Vai al contenuto

La ricetta della nonna che non passa mai di moda, il segreto del risotto con gli Urtis

Dimenticate i sapori sofisticati dei ristoranti stellati: la vera essenza della cucina tipica pavese si nasconde tra l’erba alta, lungo le rive del Ticino.

Con l’arrivo della primavera, i fossi si popolano di urtis (o vartis), i teneri germogli di luppolo selvatico che i pavesi raccolgono da generazioni.

Se cercate la ricetta tradizionale per trasformare questo ingrediente povero in un risotto con gli urtis cremoso, profumato e dal carattere autentico, siete nel posto giusto.

Scopriamo insieme come pulire queste eccellenze spontanee e come esaltarne il sapore con il riso Carnaroli, per portare in tavola il piatto simbolo della tradizione gastronomica pavese.
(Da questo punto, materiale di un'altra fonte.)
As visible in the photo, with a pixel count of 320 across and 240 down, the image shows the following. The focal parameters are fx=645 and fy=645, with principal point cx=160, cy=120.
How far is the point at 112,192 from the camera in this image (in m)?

Ricetta del Risotto con gli Urtis

Ingredienti (per 4 persone)

  • Riso: 320g di Carnaroli (ideale per la sua tenuta in cottura)

  • Urtis (Germogli di luppolo): 1 bel mazzo fresco

  • Vino: ½ bicchiere di vino bianco secco (ottimo un Pinot Nero dell’Oltrepò vinificato in bianco)

  • Brodo: 1,5 litri di brodo vegetale leggero

  • Base: 2 cucchiai di soffritto (sedano, carota, cipolla) e una noce di burro

  • Mantecatura: Grana Padano grattugiato e una noce di burro freddo

  • Sale e pepe nero q.b.

Preparazione
Iniziate lavando con cura i germogli.

Selezionate solo la parte più tenera del gambo (quella che si spezza facilmente con le mani) fino alla punta. Sminuzzate finemente i gambi e mantenete le punte intere: saranno bellissime da vedere nel piatto finito.

Piccolo consiglio: maneggiateli con delicatezza perché i germogli freschi possono essere leggermente urticanti.

In una casseruola capiente, fate sciogliere il burro e appassire il soffritto a fuoco dolce. Unite gli urtis sminuzzati e lasciateli insaporire per un paio di minuti.

Aggiungete il riso Carnaroli e tostatelo a fiamma vivace finché i chicchi non diventeranno traslucidi.

Sfumate con il vino bianco e lasciate evaporare completamente l’alcol.

Iniziate quindi ad aggiungere il brodo bollente, un mestolo alla volta, mescolando regolarmente. Continuate così per circa 15-18 minuti, mantenendo il riso sempre coperto dal velo di brodo.

A cottura quasi ultimata, regolate di sale e pepe. Per ottenere quella cremosità tipica della tradizione, spegnete il fuoco e aggiungete il Grana Padano e il burro freddo.

Coprite la casseruola con un canovaccio e lasciate riposare il risotto per un minuto prima di servire.

Un consiglio in più

Se volete rendere il piatto ancora più ricco, potete servire il risotto accompagnandolo con una classica frittata di urtis tagliata a cubetti, oppure abbinarlo a un calice di vino bianco dell’Oltrepò Pavese per un’esperienza territoriale completa.